> **Task statement**
The answer must restate the listing word for word, without its images.

> **Source data**
════
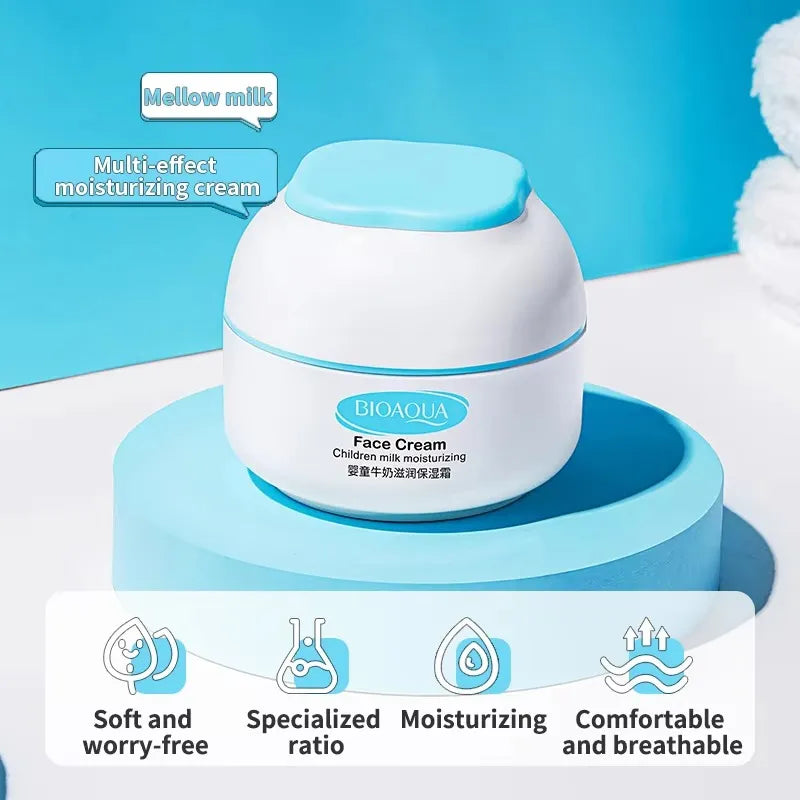 **BIOAQUA BQY75388 Milk Nourishing Face Cream**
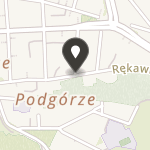 Stowarzyszenie Rozwoju Wsi Boria - Lemierze - Podgórze - Wiktoryn - Wycinka - Ulów na mapie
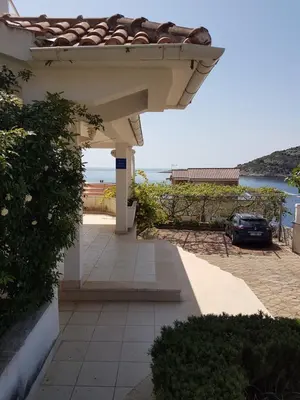 Priroda u blizini vila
════
> **Response to the exercise**
 **BIOAQUA BQY75388 Milk Nourishing Face Cream**
 Stowarzyszenie Rozwoju Wsi Boria - Lemierze - Podgórze - Wiktoryn - Wycinka - Ulów na mapie
 Priroda u blizini vila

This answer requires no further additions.